Desde hace varios años, el Partido Republicano se ha ido alejando de la moderación y hasta de la cordura. Con tal de garantizarse el voto evangélico, por ejemplo, le ha dado la espalda al progreso científico. La oposición fanática a la investigación con células madre durante el gobierno de George W. Bush y la cerrazón ante los efectos y las causas del cambio climático son solo un par de botones de muestra. Lo mismo puede decirse de la batalla, de verdad aberrante, contra los derechos de los homosexuales o de las mujeres a decidir sobre su cuerpo. Ahora, con la llegada de Trump, el partido ha comenzado a coquetear con una franja aún más lunática y peligrosa: los supremacistas blancos. A eso habría que sumarle una profunda insensibilidad social dada la devoción republicana por proteger los intereses del famoso 1%. La combinación de fanatismo religioso y racial con la defensa sistemática de los más privilegiados es un coctel indeseable no solo para los que creemos en los valores progresistas, sino para cualquier sociedad que aprecie sus libertades.

La eventual derrota de Donald Trump sería un golpe a la línea de flotación de la intolerancia republicana. Ningún candidato en la historia del partido ha encarnado de mejor manera la virulencia del movimiento conservador estadounidense. En ese escenario, la derrota de Trump podría marcar el principio del fin de esta, la versión más nociva del Partido Republicano. Y subrayo la palabra principio porque la furia republicana tiene cuerda para años y el éxito de Trump seguramente le abrirá la puerta a futuros demagogos. Pero nada de eso borra una tercera derrota presidencial consecutiva ni sus consecuencias. No hay que olvidar que el único límite de la obcecación política es la derrota.
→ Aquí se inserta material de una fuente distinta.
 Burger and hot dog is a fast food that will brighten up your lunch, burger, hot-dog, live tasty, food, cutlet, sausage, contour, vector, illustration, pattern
Más allá de consideraciones políticas, la elección tendría consecuencias eminentemente prácticas y duraderas. El siguiente presidente de Estados Unidos tendrá en sus manos no solo el rumbo de su gobierno por cuatro años sino, de manera crucial, la conformación de la Suprema Corte, faro ideológico del país. Durante décadas, la Corte se ha regido por los valores conservadores por el más estrecho de los márgenes (cinco magistrados contra cuatro). Algunos cálculos suponen que el próximo presidente estadounidense tendrá la oportunidad de nombrar dos nuevos miembros de la Corte, puestos que se prevé dejen libres dos de los magistrados de mayor edad. A eso hay que sumarle el asiento ya vacante tras la muerte del titán conservador Antonin Scalia. La historia de la vacante de Scalia es sintomática de lo que está en juego en la elección. En una muestra clara de desesperación e inadmisible sabotaje institucional, los republicanos se han negado a considerar al juez Merrick Garland, nominado por Barack Obama para sustituir a Scalia. Si Hillary Clinton llega a la presidencia, los republicanos en el Senado no tendrán otra salida más que completar la corte. No hacerlo sería un suicidio político. De confirmarse a Garland, la Corte se inclinaría hacia la corriente liberal por cinco a cuatro, garantizando, entre otras cosas, la permanencia de la sentencia Roe v. Wade, que protege el derecho de la mujer a interrumpir el embarazo, o las acciones ejecutivas de Barack Obama, que amparan los derechos de millones de indocumentados.

Hay, claro, un escenario todavía mejor para el martes. Los demócratas podrían ganar el Senado. De ser así, la presidenta Clinton no tendría que lidiar con la resistencia o potencial boicot republicano y podría nominar a jueces marcadamente liberales, modificando el rumbo jurídico de Estados Unidos por décadas. Insisto: para aquellos (millones) que defendemos los valores progresistas, el triunfo de Clinton podría alejar a Estados Unidos de la intolerancia y el fanatismo. De ser así, el ascenso de Donald Trump, tan aterrador durante tantos meses, podría convertirse en lo que en inglés se llama “a blessing in disguise”: no hay mal que por bien no venga; una bendición astutamente disfrazada.

Esperemos, pues, que mañana se impongan la razón, la virtud y hasta la luz. Lo que está en juego es tanto, tanto.